Remix.run Logo
ActorNightly 12 hours ago

>Excellent article

Except its not. Data science in python pretty much requires you to use numpy. So his example of mean/variance code is a dumb comparison. Numpy has mean and variance functions built in for arrays.

Even when using raw python in his example, some syntax can be condesed quite a bit:

groups = defaultdict(list) [groups[(row['species'], row['island'])].append(row['body_mass_g']) for row in filtered]

It takes the same amount of mental effort to learn python/numpy as it does with R. The difference is, the former allows you to integrate your code into any other applicaiton.

dragonwriter 10 hours ago | parent | next [-]

> Numpy has mean and variance functions built in for arrays.

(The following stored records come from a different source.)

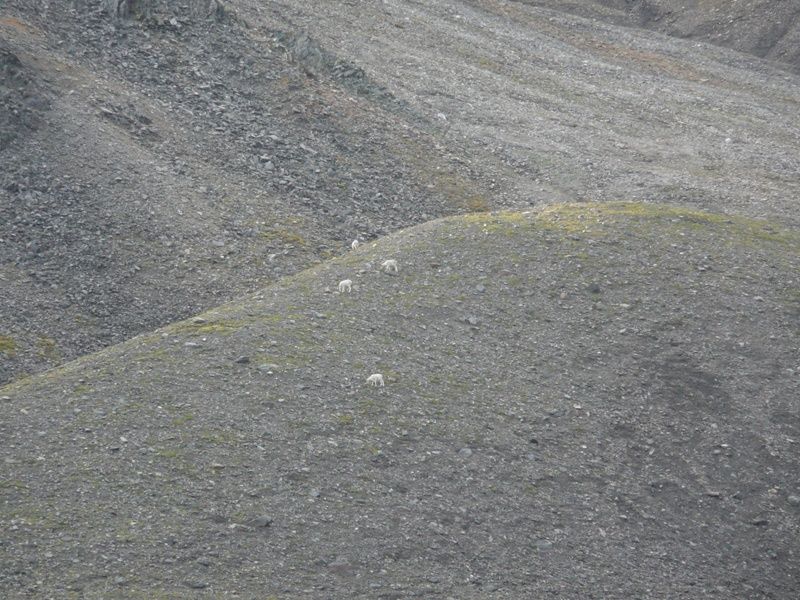 P1050053.jpg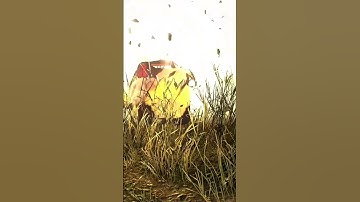 ITS A BIRD, ITS A PLANE… ITS A FLYING N*ZI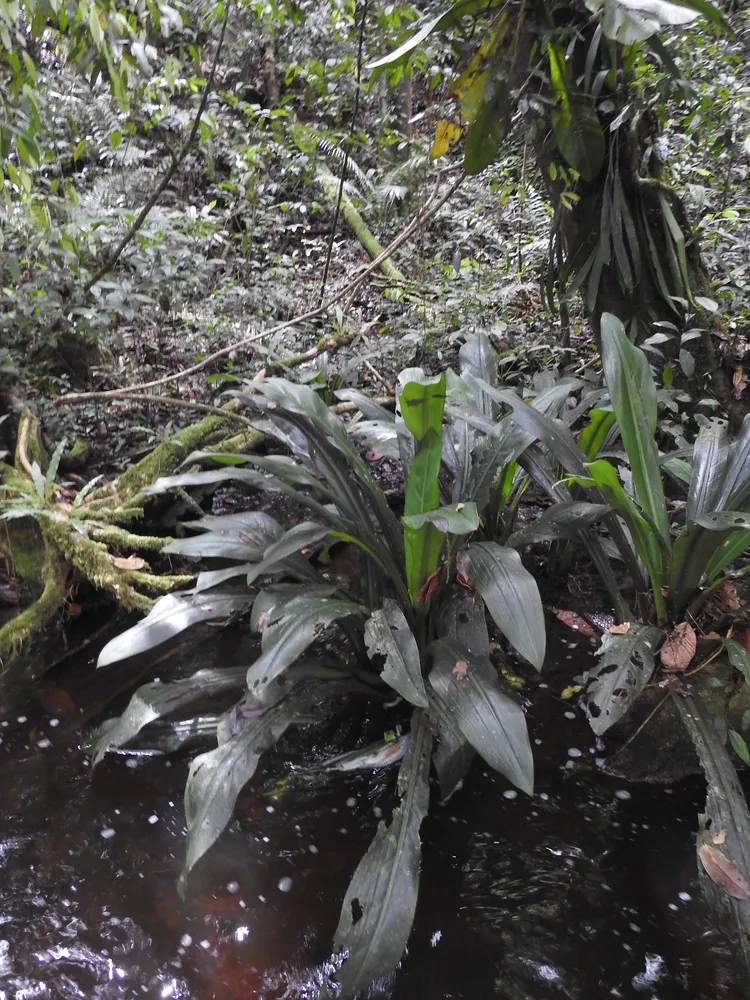 dieffenbachia paludicola plant showing characteristic features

Even outside of Numpy, the stdlib has the statistics packages which provides mean, variance, population/sample standard deviation, and other statistics functions for normal iterables. The attempt to make Python out-of-the-box code look bad was either deliberately constructed to exaggerate the problems complained of, or was the product of a very convenient ignorance of the applicable parts of Python and its stdlib.

ModernMech 10 hours ago | parent | prev [-]

I dunno. Numpy has its own data types, its own collections, its own semantics which are all different enough from Python, I think it's fair to consider it a DSL on its own. It'd be one thing if it was just, operator overloading to provide broadcasting for python, but Numpy's whole existence is to patch the various shortcomings Python has in DS.